**Input records:**
---

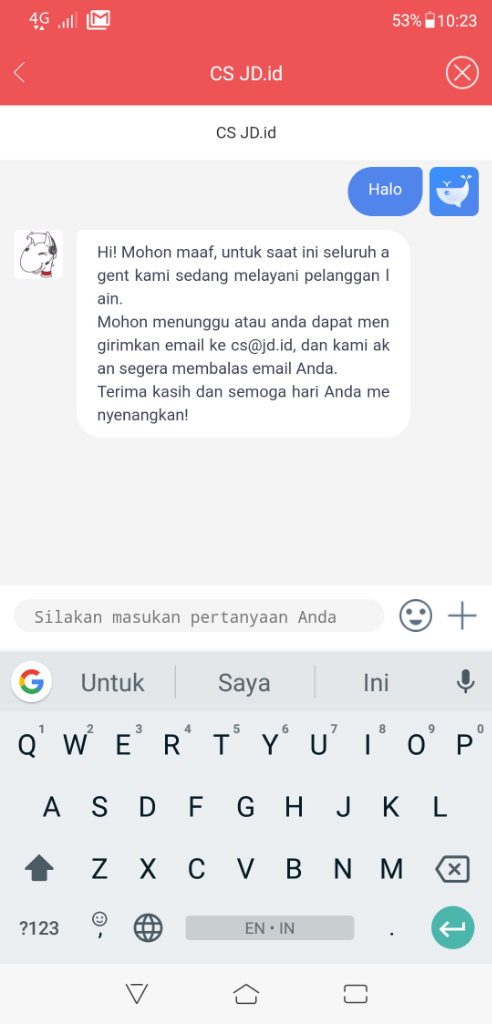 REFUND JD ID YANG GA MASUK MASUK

---

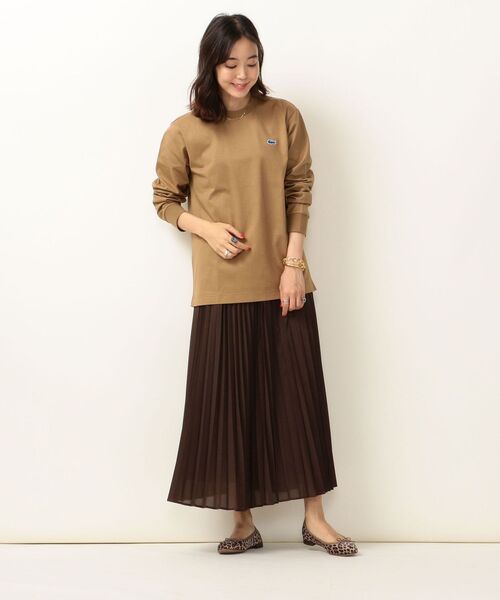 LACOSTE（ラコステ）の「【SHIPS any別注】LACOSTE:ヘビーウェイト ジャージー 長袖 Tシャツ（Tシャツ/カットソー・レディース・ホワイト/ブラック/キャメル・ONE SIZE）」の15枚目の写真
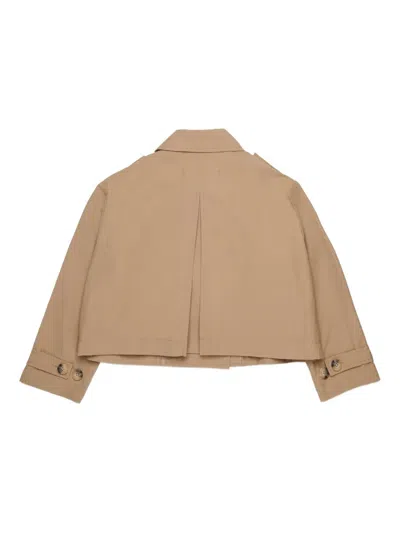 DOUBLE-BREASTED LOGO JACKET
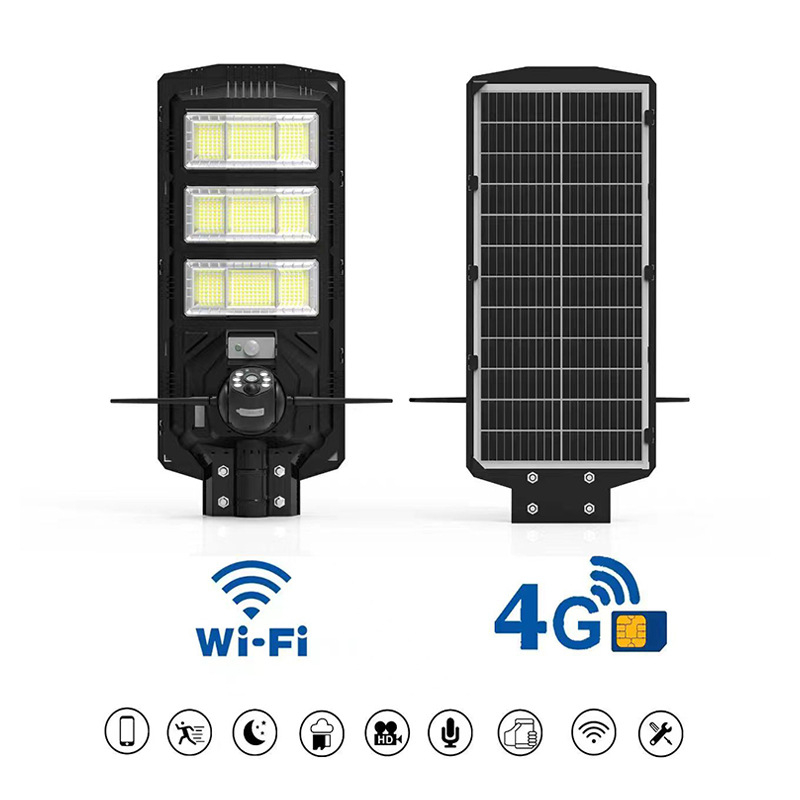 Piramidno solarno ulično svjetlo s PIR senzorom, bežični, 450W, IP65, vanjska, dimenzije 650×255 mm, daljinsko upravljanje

---

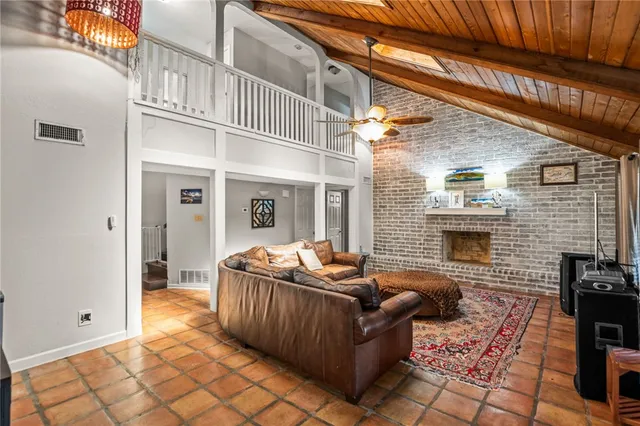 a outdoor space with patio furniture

---

**The task:**
In the listing above, find the line containing "LACOSTE（ラコステ）の「【SHIPS any別注】LACOSTE:ヘビーウェイト ジャージー" and the line containing "Piramidno solarno ulično", then print exactly those two lines and every line between them, minus the pictures.

**Solution:**
 LACOSTE（ラコステ）の「【SHIPS any別注】LACOSTE:ヘビーウェイト ジャージー 長袖 Tシャツ（Tシャツ/カットソー・レディース・ホワイト/ブラック/キャメル・ONE SIZE）」の15枚目の写真
 DOUBLE-BREASTED LOGO JACKET
 Piramidno solarno ulično svjetlo s PIR senzorom, bežični, 450W, IP65, vanjska, dimenzije 650×255 mm, daljinsko upravljanje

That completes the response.